What kind of biscuit did you have in mind?? Would a PTG work on it?

I have an S Line A3 he's painted under the bonnet and boot.

The chap was saying the inside of his door were not laquered, would you agree that is incorrect? Hence I asked what kind of car he has.

Some manufacturers now leave cars in grey/beige primer in the engine bay eek! Some use tinted primers and these are not waterbased some paint them so don't.


----------



## maersk (Sep 6, 2007)

The door shuts are of course lacquered.
Your A3 S-Line was almost certainly built at Neckarsulm (90% of all S-Line models were) as 'proven'by the lacquered boot and under bonnet area - it is the classic give-away with these models. If it is basecoat colour only then the body was completed at another Audi plant. The Neckarsulm paint line (until late last year) was one of the oldest in the Audi line up and the lacquer stages were still hand applied, hence the bay and boot coverage (looks nicer IMHO) It has now been upgraded and is predominantly used for R8 and A8 and special colour requests. Quite a few tinted and coloured primer and undercoats now (thankfully, Ford's white primer beneath solid Black was a stonechip nightmare) Porsche use ten different undercoats to match the basecoat colour..............
That is after galvanising, etch primer, phosphate coating.........
Sadly Audi now only galvanise the lower half of the bodies (from 2008 model year) 
It's true, they don't make em like they used to.............mind you they don't fall apart at three years old either........... ahhhh 1973, that was a year....... primer dip and a splash of cellulose solid to cover (if you were lucky). Mind you the whole thing weighed about 5/600 kilos

A chocolate HobNob....................

PDG won't work on them.

Whilst on the subject of PDG, I fail to understand why they are still so expensive. OK supply and demand etc. but there are other equally sophisticated bits of electrickery out there with equally 'small' demand which manage to reduce in price annually................. :devil:

Looks for entrepreneurial gap in the market...............

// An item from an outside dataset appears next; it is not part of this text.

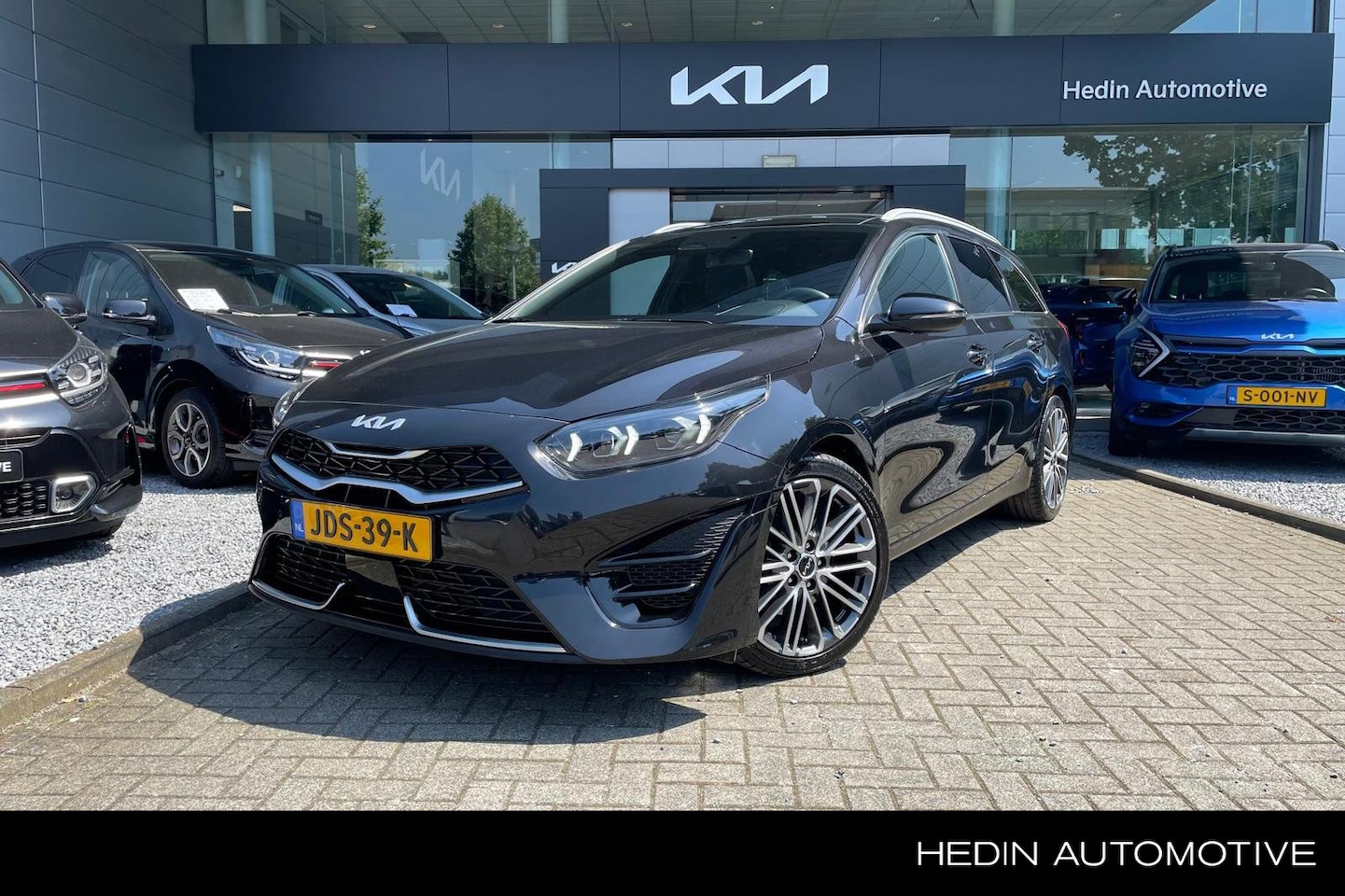 Kia Cee'd Sportswagon - Ceed 1.5 T-GDi GT-PlusLine | Glazen panorama-dak | Stoel- & Stuurverwarming | Automaat | - AutoWereld.nl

What do you think Duncan? Alan?


I'm ooot! :lol:

With regret, you're fired! :doublesho




Tumshie.


----------



## The Cueball (Feb 8, 2007)

Maybe some food for thought…. I thought I would post this up since it only happened last night…

I took my mates Jeep down to a local pro, as there was damage that I have never seen before on the clear coat… I thought this “crazing” was the start of failure, but wanted a professional to have a look…

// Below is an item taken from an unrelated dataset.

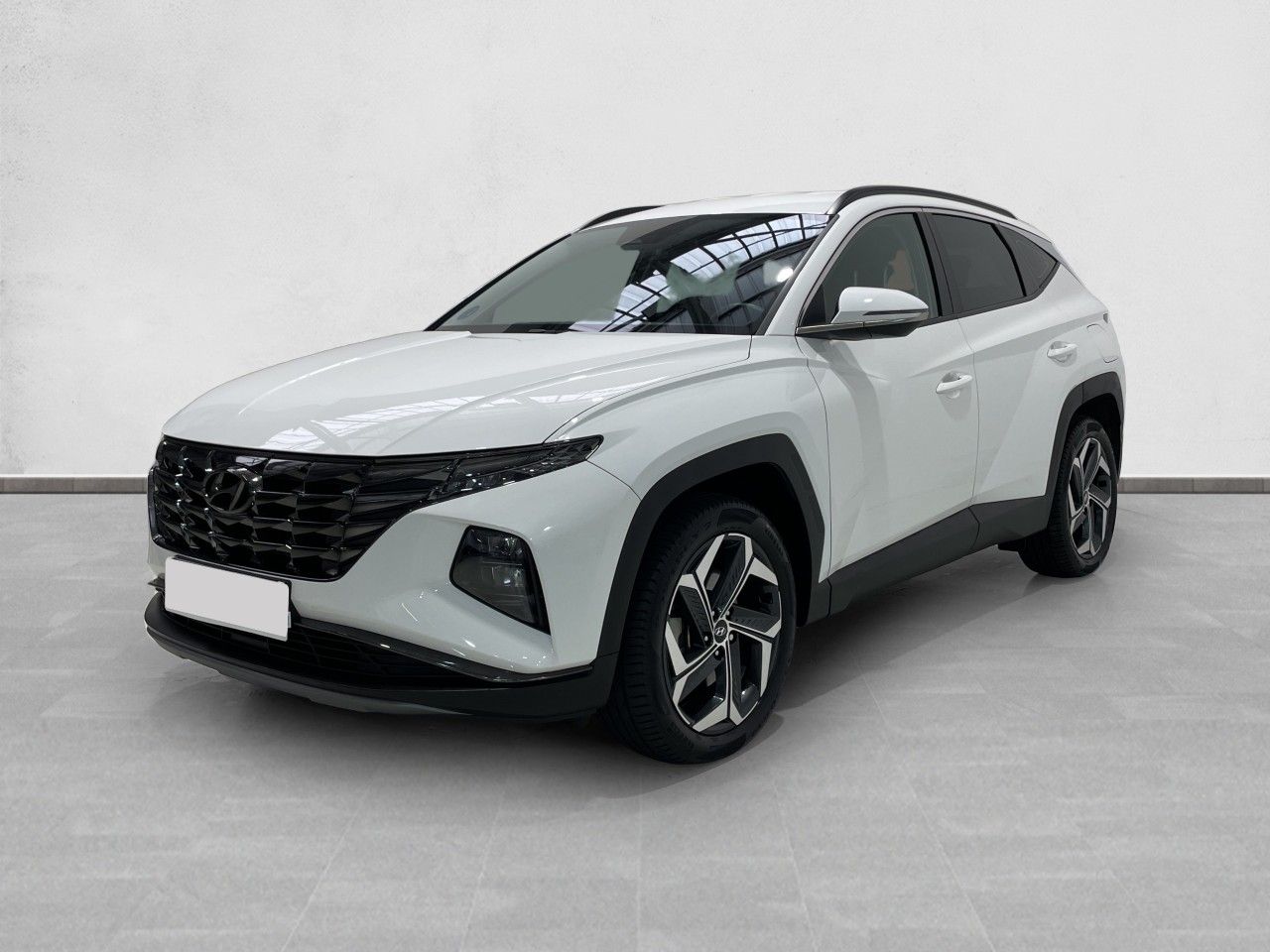 Hyundai Tucson 1.6 TGDI PHEV en Barcelona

He came out, took one look and confirmed what I thought… and then we had a closer look at the paint… with the “cheaper” reader…

Along one side of the Jeep:

97,98,100,97,100,102,…..500,560,100,400,70,90,500,510…

:doublesho

No way on earth you would have known that, without checking….

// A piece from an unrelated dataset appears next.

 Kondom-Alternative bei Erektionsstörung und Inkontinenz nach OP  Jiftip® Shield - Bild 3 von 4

OK.. gives you a clue that there has been some repairs…

The more expensive reader came out to play…

And what it showed was that on most of the paint, on the side of the Jeep, it could only get reading of the base and colour sections…. It was not picking up a reading on the clear coat….

Now various reasons for this, but why the reader wasn’t showing it, was because the clear was less than 13 microns!!!!!!!

Now I don’t expect people to be honest with this…. But how many people would have either not taken readings, or thought, well I have loads of clear to play with (the door jams were coming in about 50)… and carried on with a polish?!?!?!?!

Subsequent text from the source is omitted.